Veneto al voto in autunno: perché Salvini non gioisce né si dispera
Dover chiudere subito il braccio di ferro con Meloni sulla regione più ambita, nel novero di un pacchetto di candidature da spartire, può dargli il destro di dire a Giorgia «a noi lasciate il Veneto e voi prendete il resto»


Lasciamo per un attimo sospesa la questione di chi tra Matteo Salvini e Giorgia Meloni può avvantaggiarsi da questo sviluppo, peraltro auspicato a palazzo Chigi.
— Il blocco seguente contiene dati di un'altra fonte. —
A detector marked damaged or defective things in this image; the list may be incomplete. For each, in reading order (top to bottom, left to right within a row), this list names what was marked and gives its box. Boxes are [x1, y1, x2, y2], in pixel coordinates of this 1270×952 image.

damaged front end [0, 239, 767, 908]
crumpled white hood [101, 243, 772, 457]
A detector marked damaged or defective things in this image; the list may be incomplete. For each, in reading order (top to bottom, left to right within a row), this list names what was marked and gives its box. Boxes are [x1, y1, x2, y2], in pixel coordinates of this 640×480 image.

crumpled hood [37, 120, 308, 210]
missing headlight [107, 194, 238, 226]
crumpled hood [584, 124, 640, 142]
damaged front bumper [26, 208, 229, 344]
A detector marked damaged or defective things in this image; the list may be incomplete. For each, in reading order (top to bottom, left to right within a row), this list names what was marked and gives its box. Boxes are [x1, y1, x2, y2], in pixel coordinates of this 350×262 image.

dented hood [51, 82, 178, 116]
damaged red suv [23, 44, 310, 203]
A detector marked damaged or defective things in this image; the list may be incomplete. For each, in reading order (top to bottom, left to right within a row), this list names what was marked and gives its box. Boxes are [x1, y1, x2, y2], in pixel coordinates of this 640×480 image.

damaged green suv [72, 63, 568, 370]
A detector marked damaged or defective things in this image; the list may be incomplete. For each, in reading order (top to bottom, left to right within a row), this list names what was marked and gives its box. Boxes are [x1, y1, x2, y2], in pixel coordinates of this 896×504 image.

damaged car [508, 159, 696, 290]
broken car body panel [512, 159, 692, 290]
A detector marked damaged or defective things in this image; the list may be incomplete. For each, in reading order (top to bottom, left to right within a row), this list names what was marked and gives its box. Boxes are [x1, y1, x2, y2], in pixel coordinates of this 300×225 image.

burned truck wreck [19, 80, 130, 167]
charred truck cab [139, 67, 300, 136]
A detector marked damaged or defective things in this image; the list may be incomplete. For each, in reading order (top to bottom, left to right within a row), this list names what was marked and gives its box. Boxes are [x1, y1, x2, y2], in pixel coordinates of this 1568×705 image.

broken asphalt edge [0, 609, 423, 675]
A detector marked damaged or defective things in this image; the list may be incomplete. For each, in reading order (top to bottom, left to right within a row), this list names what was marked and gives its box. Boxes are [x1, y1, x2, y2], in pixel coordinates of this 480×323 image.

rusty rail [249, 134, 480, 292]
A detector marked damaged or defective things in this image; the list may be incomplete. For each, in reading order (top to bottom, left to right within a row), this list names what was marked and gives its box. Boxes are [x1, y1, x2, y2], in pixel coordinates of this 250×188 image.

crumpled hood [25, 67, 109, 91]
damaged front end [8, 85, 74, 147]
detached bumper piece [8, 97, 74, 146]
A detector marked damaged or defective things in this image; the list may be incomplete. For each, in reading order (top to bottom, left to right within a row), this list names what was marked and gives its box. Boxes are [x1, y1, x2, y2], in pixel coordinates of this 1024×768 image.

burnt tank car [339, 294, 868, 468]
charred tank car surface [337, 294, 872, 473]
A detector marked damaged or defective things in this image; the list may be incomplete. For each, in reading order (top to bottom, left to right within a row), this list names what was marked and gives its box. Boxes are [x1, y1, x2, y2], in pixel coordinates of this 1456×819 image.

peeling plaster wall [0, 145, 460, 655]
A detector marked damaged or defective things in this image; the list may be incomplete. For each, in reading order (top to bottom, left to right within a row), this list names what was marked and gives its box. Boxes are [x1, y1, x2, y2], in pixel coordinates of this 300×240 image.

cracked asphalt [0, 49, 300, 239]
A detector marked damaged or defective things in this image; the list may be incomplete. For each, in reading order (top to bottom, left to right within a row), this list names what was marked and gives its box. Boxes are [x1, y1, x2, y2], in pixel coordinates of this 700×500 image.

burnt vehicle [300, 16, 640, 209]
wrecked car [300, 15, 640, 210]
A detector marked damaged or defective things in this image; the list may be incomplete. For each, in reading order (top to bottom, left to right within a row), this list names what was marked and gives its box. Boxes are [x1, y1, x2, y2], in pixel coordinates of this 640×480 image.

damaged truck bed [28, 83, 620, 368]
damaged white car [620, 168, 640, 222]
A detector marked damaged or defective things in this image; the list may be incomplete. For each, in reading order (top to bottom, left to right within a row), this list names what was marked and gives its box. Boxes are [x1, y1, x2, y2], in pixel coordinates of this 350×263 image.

Presto detto: lo stop del Consiglio di Stato al rinvio del voto in Veneto toglie la premier dall’imbarazzo nei confronti di una richiesta difficile da giustificare, ma fa comodo anche al leader del Carroccio. Vedremo perché.
Se c’è uno sconfitto, quello è di sicuro Luca Zaia, che si ritrova in buona compagnia: poiché una figura poco edificante la fa di sicuro il ministro degli Interni. Il quale si spinse a dire mesi fa che non vedeva ostacoli a che si svolgessero le elezioni regionali venete nella primavera ’26. Un abbaglio non indolore per colui che è titolare del corretto svolgimento delle chiamate alle urne in Italia.
Tolto questo, che non è un dettaglio, Zaia ha provato a far valere le sue ragioni, poggiando la formale richiesta di rinvio sul dettato normativo regionale che fissa la finestra del voto in primavera-estate. Ma questa bocciatura “istituzionale” certo non lo rafforza nelle aspirazioni di futuri incarichi, magari governativi; anche se potrebbe vantare un credito, in quanto il governo avrebbe potuto varare una legge ad hoc per accontentarlo e non lo ha fatto: quindi qualcuno è in debito con uno come lui, che porta al centrodestra centinaia di migliaia di voti nel Nord produttivo.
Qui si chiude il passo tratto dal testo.